LongCat-Video 🎉🐱
Just as a kid on xmas that squeezes the gifts ahead of time to guess whats inside, i had to give the new branch LongCat a test run ;-) Already works pretty well.. . Kijai been doing some magic again ;-)
Just a TEST run, and with half the steps (8 steps) than what is required, and at low resolution, since I was just testing, and didnt want to wait for too long to see if it worked. But still a nice result even if so ;-)
Image 2 Video:
https://github.com/user-attachments/assets/cd4feb45-9483-46e2-8066-399883d2017b
Text 2 Video:
https://github.com/user-attachments/assets/9c243e55-cbe5-4922-a05b-a202791b23c8
(using the "interactive" prompt example from their page - and my test workflow might contain errors, so take it with a grain of salt)
And for other curious cats, referencing this model: https://meituan-longcat.github.io/LongCat-Video/ https://github.com/meituan-longcat/LongCat-Video
Its still work in progress, and not in the main branch yet, but seems to work quite well already ;-) Thanks a lot Kijai.
Nice, yeah I think it's mostly working now. It refuses to work in fp16 which is a shame, fp8_scaled works okayish but bf16 is certainly better.
Some examples:
This is from 17 start frames:
https://github.com/user-attachments/assets/fbb75514-b53e-4447-a26f-2e0ef0fe31af
And this is I2V with 2 extensions:
https://github.com/user-attachments/assets/d0154850-0517-436c-948b-71a6ad44ce65
yes seems to work quite nice. My rusty 3090 might be too weak for the BF16, so my test was with the fp8. Will give the bf16 a try though ;-)
The colors seems quite stable in this model.
https://github.com/user-attachments/assets/4e68d0d1-3a81-41ed-8df4-1bc0d30b27f5
yes seems to work quite nice. My rusty 3090 might be too weak for the BF16, so my test was with the fp8. Will give the bf16 a try though ;-)
The colors seems quite stable in this model.
With block_swap the VRAM on 3090 is easily enough at least. And agree on colors, usually very natural.
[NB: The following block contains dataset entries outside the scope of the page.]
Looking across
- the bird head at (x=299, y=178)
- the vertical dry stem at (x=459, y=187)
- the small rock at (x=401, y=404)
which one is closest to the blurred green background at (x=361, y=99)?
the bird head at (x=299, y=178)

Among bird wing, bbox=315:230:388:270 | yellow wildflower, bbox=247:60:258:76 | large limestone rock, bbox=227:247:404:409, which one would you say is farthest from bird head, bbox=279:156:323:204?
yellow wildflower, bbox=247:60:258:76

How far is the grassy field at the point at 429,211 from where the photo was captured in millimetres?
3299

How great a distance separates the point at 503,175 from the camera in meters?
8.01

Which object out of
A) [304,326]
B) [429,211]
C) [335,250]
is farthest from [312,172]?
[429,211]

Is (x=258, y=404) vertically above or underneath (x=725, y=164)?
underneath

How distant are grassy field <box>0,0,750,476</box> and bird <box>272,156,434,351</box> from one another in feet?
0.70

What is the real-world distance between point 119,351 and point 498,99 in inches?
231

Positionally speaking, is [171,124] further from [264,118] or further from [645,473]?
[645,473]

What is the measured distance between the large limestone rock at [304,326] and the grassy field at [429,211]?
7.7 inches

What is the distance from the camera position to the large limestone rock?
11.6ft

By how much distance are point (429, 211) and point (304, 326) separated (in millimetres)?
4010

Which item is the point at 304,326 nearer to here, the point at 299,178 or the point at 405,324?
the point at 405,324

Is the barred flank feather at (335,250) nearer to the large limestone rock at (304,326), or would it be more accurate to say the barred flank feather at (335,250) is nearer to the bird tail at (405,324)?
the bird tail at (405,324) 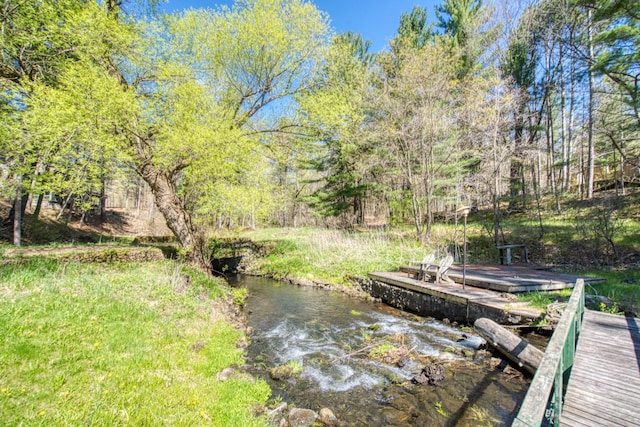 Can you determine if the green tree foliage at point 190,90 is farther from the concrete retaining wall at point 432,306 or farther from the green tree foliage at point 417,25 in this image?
the green tree foliage at point 417,25

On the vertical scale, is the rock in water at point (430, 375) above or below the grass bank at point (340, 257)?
below

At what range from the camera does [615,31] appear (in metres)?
8.80

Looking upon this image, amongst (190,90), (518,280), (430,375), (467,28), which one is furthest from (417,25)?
(430,375)

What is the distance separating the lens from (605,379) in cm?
290

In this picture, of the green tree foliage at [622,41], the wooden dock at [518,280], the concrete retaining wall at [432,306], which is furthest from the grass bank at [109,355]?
the green tree foliage at [622,41]

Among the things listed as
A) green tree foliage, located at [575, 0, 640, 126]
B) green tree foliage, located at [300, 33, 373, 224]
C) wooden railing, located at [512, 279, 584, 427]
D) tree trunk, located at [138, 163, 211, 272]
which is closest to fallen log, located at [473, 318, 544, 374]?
wooden railing, located at [512, 279, 584, 427]

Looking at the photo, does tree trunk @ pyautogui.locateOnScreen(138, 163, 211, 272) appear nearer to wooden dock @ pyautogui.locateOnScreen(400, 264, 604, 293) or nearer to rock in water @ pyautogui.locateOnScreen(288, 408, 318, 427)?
wooden dock @ pyautogui.locateOnScreen(400, 264, 604, 293)

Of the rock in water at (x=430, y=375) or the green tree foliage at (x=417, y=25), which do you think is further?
the green tree foliage at (x=417, y=25)

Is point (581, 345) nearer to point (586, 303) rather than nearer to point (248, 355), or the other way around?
point (586, 303)

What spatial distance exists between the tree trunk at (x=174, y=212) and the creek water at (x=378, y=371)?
11.4 feet

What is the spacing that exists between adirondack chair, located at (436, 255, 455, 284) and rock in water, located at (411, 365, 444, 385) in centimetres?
386

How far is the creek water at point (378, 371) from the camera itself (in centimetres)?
369

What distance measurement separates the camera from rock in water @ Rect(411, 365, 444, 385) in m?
4.32

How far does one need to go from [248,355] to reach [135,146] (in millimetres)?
6942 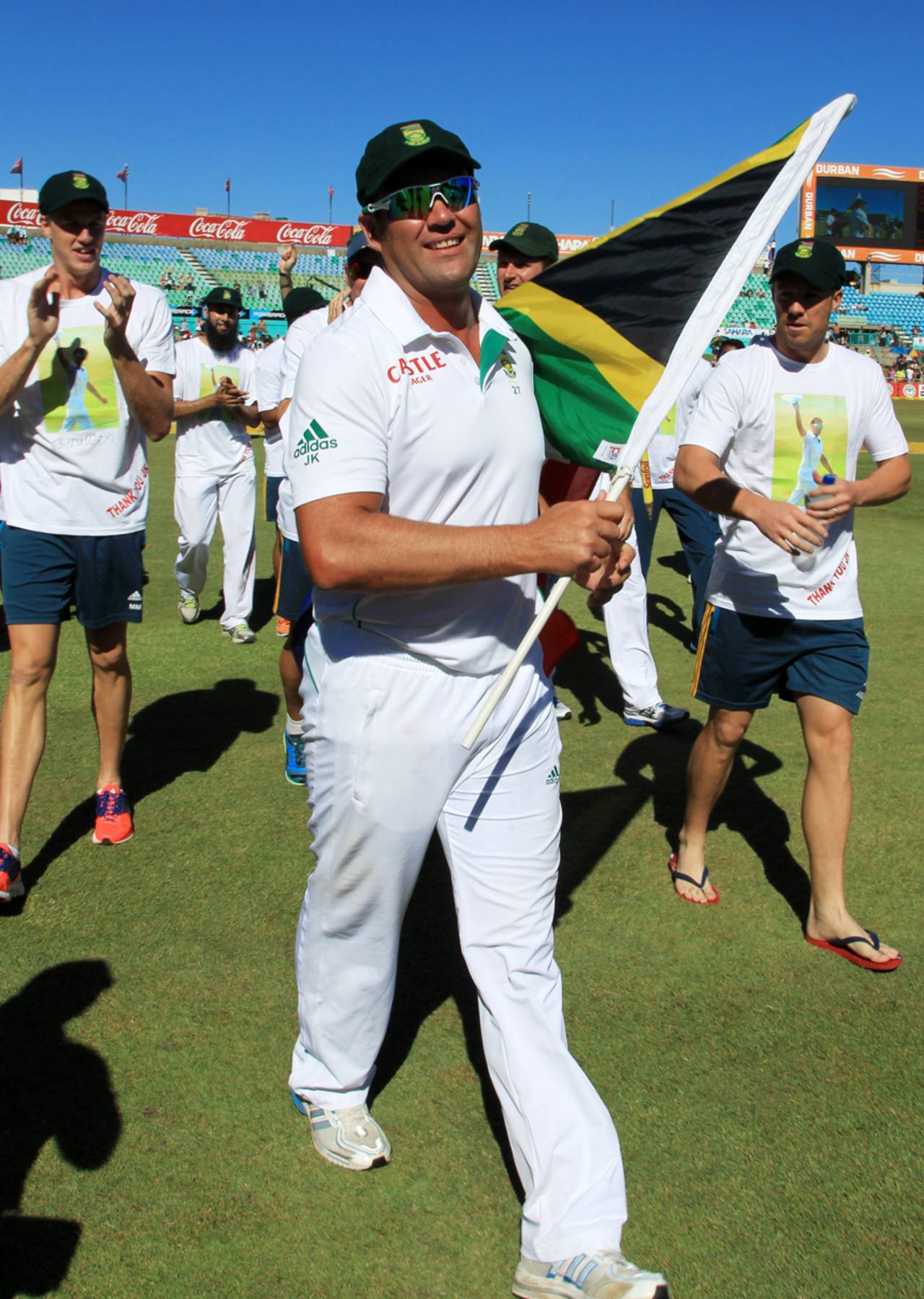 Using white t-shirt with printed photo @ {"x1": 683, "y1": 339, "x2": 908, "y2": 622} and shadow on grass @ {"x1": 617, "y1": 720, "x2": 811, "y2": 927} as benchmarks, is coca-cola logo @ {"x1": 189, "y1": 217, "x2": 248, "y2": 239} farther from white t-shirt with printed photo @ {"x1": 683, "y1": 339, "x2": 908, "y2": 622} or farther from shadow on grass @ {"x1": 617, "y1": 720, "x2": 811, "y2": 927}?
white t-shirt with printed photo @ {"x1": 683, "y1": 339, "x2": 908, "y2": 622}

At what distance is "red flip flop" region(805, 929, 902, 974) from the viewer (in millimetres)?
3752

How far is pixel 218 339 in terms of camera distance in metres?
8.62

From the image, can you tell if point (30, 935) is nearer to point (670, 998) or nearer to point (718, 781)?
point (670, 998)

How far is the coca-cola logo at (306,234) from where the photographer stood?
63.6 metres

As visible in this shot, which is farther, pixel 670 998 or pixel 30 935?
pixel 30 935

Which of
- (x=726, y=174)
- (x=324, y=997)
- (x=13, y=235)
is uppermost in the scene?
(x=13, y=235)

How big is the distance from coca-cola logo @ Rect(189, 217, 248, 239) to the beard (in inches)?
2280

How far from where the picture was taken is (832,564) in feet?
12.9

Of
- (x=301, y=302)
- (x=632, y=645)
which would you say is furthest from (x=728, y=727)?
(x=301, y=302)

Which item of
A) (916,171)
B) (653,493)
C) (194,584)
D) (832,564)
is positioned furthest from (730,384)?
(916,171)

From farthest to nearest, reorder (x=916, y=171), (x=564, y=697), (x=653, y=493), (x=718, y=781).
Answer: (x=916, y=171) → (x=653, y=493) → (x=564, y=697) → (x=718, y=781)

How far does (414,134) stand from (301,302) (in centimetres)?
494

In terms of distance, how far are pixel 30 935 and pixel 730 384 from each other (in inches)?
118

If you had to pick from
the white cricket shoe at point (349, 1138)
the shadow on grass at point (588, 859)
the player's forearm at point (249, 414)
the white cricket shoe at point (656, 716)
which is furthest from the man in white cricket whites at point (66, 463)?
the player's forearm at point (249, 414) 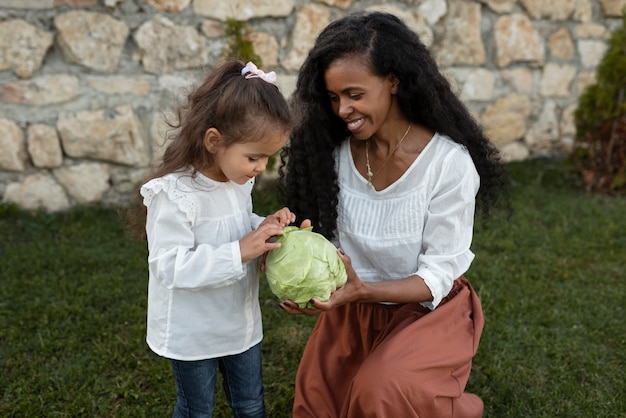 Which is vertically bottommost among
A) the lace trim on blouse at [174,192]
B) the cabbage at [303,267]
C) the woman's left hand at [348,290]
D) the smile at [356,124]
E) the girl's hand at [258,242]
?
the woman's left hand at [348,290]

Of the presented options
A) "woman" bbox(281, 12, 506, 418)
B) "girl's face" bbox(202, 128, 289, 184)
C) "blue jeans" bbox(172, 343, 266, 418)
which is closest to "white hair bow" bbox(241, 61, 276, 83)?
"girl's face" bbox(202, 128, 289, 184)

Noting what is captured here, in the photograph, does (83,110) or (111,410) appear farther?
(83,110)

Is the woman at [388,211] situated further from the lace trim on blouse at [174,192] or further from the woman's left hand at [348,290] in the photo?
the lace trim on blouse at [174,192]

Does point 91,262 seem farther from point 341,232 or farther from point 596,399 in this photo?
point 596,399

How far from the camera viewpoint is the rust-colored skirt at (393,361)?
7.43ft

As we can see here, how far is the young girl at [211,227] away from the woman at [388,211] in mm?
267

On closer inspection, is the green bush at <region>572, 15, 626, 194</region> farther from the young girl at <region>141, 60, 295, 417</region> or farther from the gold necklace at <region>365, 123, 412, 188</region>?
the young girl at <region>141, 60, 295, 417</region>

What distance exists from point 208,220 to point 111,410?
124 centimetres

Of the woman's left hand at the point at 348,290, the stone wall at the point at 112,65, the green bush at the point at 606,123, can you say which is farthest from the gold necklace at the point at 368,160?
the green bush at the point at 606,123

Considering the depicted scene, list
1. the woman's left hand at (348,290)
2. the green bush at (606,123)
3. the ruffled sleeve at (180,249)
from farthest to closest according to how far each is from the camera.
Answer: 1. the green bush at (606,123)
2. the woman's left hand at (348,290)
3. the ruffled sleeve at (180,249)

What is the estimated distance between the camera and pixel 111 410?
288cm

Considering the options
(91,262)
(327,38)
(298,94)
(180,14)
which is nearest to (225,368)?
(298,94)

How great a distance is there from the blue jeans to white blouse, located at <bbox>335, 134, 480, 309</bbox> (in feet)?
1.94

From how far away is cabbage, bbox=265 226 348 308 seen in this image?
6.87 ft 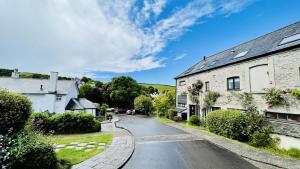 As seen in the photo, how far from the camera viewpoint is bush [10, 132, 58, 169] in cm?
486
generation time per video?
yes seems to work quite nice. My rusty 3090 might be too weak for the BF16, so my test was with the fp8. Will give the bf16 a try though ;-)
The colors seems quite stable in this model. WanVideoWrapper-LongCat_00004.1.mp4
Strange , used your and kj wf (didn't change anything) and it doesn't respect i2v and scene switching happens with jump cuts from gray color
https://github.com/user-attachments/assets/8f1aa5a1-0168-4d5c-96d5-f15fb2e0f406
https://github.com/user-attachments/assets/e42992a3-9e39-4058-b736-9ac672d6d45e
But I also saw similar thing with Holocine , could be my system then or sageattention
https://github.com/user-attachments/assets/0488e0bb-43e3-4eb2-b5d4-5b50fa2fd5c5
pytorch version: 2.8.0+cu129 Enabled fp16 accumulation. Set vram state to: NORMAL_VRAM Using sage attention Python version: 3.13.6 ComfyUI version: 0.3.64
or maybe pytorch 2.8.0 ?
@myprivacygithub use branch https://github.com/kijai/ComfyUI-WanVideoWrapper/tree/longcat
Enabled fp16 accumulation.
Could perhaps be worth trying to disable that. But not sure.
The rest of your settings looks pretty standard
I've had 2 confirmations so far that sage1 will break the image input, as when they switch to sdpa with same workflow it works. On sage 2.2.0 it has always worked for me.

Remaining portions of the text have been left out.